Chłopcy znali się z gimnazjum, jednak przed feralną nocą z 17 na 18 grudnia nie widzieli się przez rok. Nie wiadomo, jaki był motyw zabójstwa. Wiadomo natomiast, że Filip B. zaprosił Michała Gutowskiego do swojego domu. Tam doszło do rękoczynów, a potem, jak dowodzi prokurator, Filip B. miał uderzać i dusić Michała Gutowskiego.
– Zgon nastąpił w wyniku duszenia gwałtownego – podkreśliła prokurator Katarzyna Dziewa.
– Ani mój syn, ani zabójca nie byli pod wpływem środków odurzających – twierdzi z kolei Piotr Gutowski, ojciec zamordowanego, który wraz z żoną jest oskarżycielem posiłkowym. – Mimo że syna nic nam nie wróci, mamy nadzieję, że sprawiedliwości stanie się zadość.

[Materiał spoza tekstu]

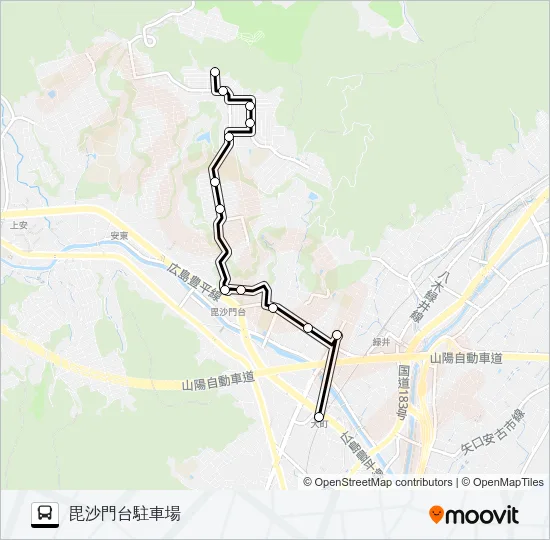 毘沙門台線 Bus Line Map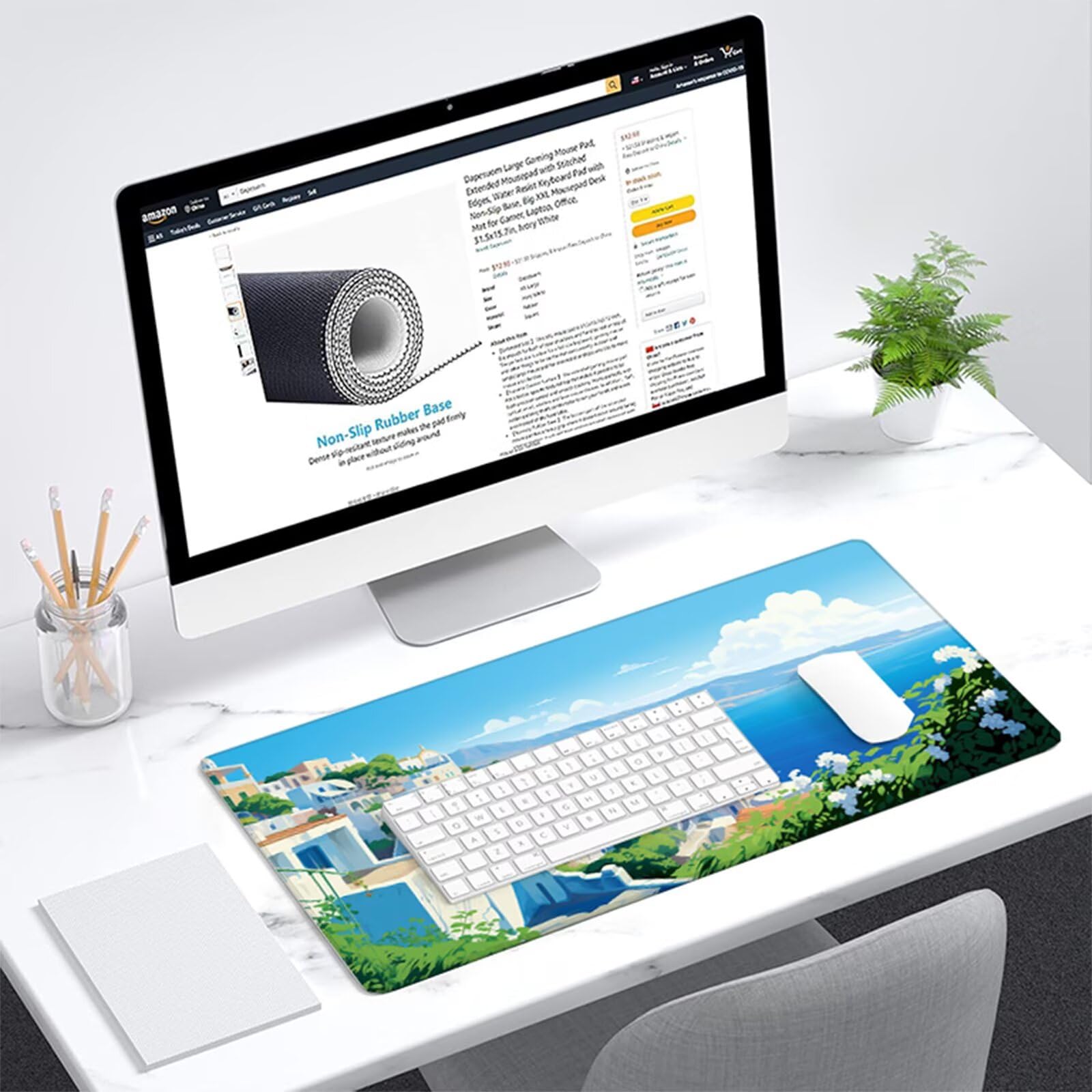Alfombrilla Ratón Azul Alfombrilla Escritorio Mar Mouse Pad Gaming Duradera, Mouse Pad Grande Gaming Mejora Precisión y La Velocidad, Antideslizante Desk Mat Jugadores, PC, Oficina 1600x800x3mm Y2-711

– Jestem zrozpaczony tym, co wydarzyło się 17 grudnia ubiegłego roku, bardzo współczuję rodzicom Michała, jego przyjaciołom i rodzinie – mówił podczas dzisiejszej rozprawy Filip B. – Jest mi przykro, że doszło do zdarzenia, które było tak tragiczne w swoich konsekwencjach, ale pragnę podkreślić, że działałem w obronie własnej. Zostałem przez Michała zaatakowany. Nie chciałem zrobić mu krzywdy, moje zachowanie było spowodowane reakcją na zagrożenie mojego życia. Byliśmy pod wpływem pewnej substancji. Był to narkotyk, który miał być marihuaną. Tak wyglądał i taki miał zapach. Nie wydaje mi się, by to była marihuana, którą wcześniej zażywałem wielokrotnie. Wiem, jak wpływa na człowieka i nigdy nie miałem odczuć, które były tak dziwne, jak po zażyciu tej substancji.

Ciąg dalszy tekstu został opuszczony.